【完】ダンデライオン





マグノアの辛そうな表情は、変わることはなかった。





『女王は、だんだん眠る時間が長くなり目覚めなくなる病だったんだが………起きている時は、私によく話していた。』





そういえば、国王は魔法を調べるためにこもりっきりになっていたと聞いた。





「マグノアは、ずっと女王の側にいたの……?」





『……女王が起きていらっしゃる間はな。
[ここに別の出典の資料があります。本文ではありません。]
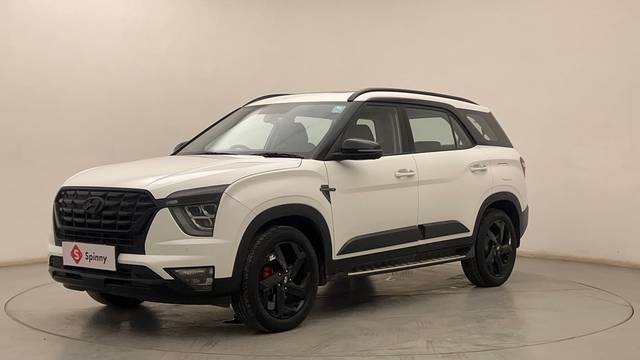 https://images10.gaadi.com/usedcar_image/4560268/original/3af94e6a0f5eb3cdcc6a3b1c3f52b5db.JPG?imwidth=6400
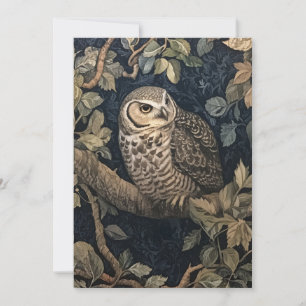 Barred Owl in einem Baum William Morris Style Einladung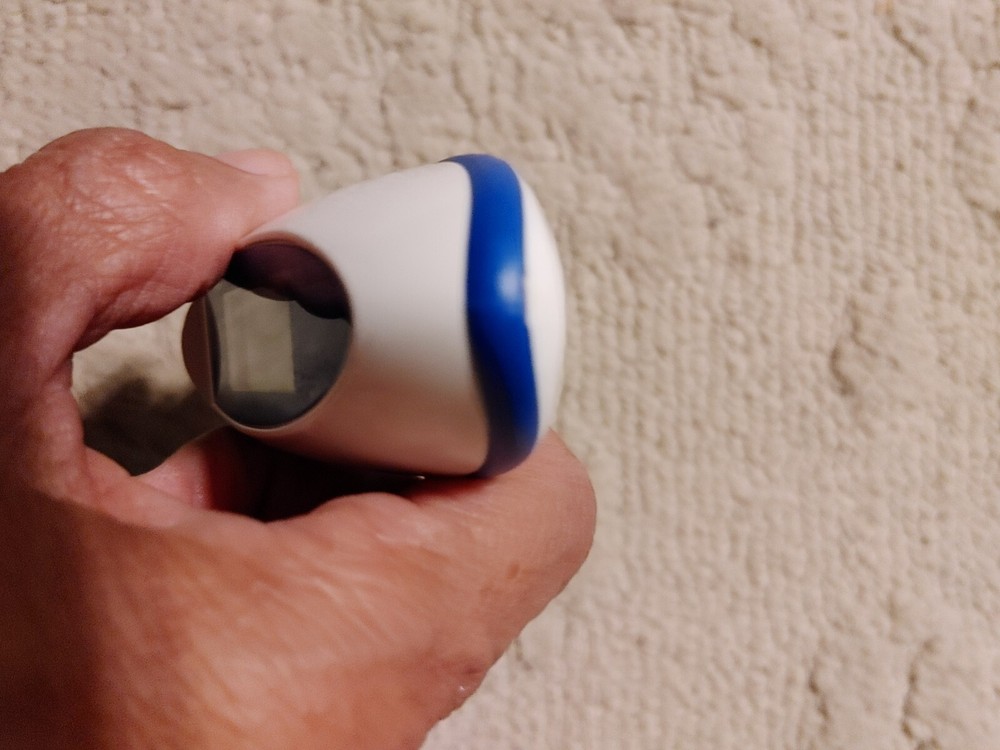 MABIS Instant Ear Thermometer. Night Glo Display. Fast *No Guidebook*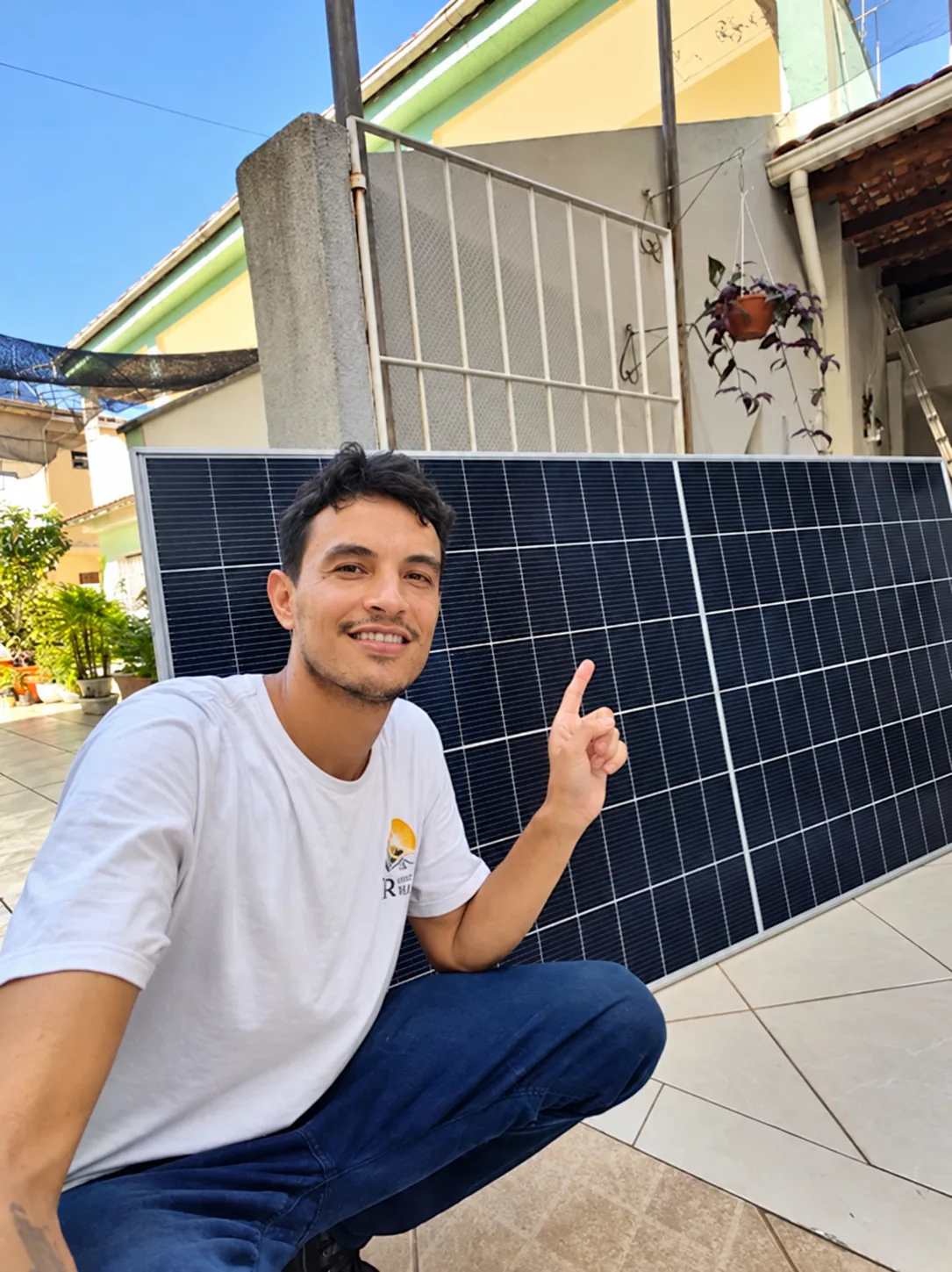 Profissional da VR Elétrica Solar ao lado de um painel fotovoltaico
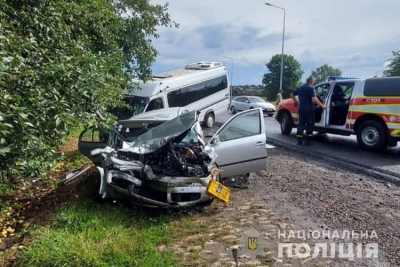 Причину аварії, в якій не розминулися іномарка та пасажирський бус, встановлюють правоохоронці Тернополя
』





きっと国王が部屋にこもりっきりになっている間も、マグノアは女王のそばに、ずっと寄り添っていたんだろう。




「女王は、何て言ってたの…?」






『………そうだな、女王は…』







マグノアは、遠い昔のことを思い出す。
遥か昔……幸せだったころのこと。





優しい夫婦と子どもがいるお城に住んで、誰もがマグノアがニンゲンであるかのように扱ってくれた。




次第に女王は病気であることが分かり、眠っている時間が多くなった。



彼女が目覚めたことを気配で確認すると、女王の部屋に入っていく。




すると、優しい笑顔でいつも迎えてくれる。



そして、眠る前の会話の内容を忘れるのか、いつも同じことを言う。




「ねぇ、マグノア……。別れは悲しいことだけれど、きっといつか…あの人にも分かってくれる。出会いがあるから、別れがあって…それには全て意味がある。私は、そう思うの。」




マグノアの頭をゆっくりと撫でる優しい指。
そして、悟っているかのような、優しい声。




「でも……あの人と、エルノのことは心配だわ…。ねぇ、マグノア、お願い。あの二人のことをよろしくね。あなたが、一番シッカリしてるから。」






もう、50年以上昔の記憶なのに………忘れることは出来ない。







マグノアは思い出を閉じ込めるように、そっと目を閉じた。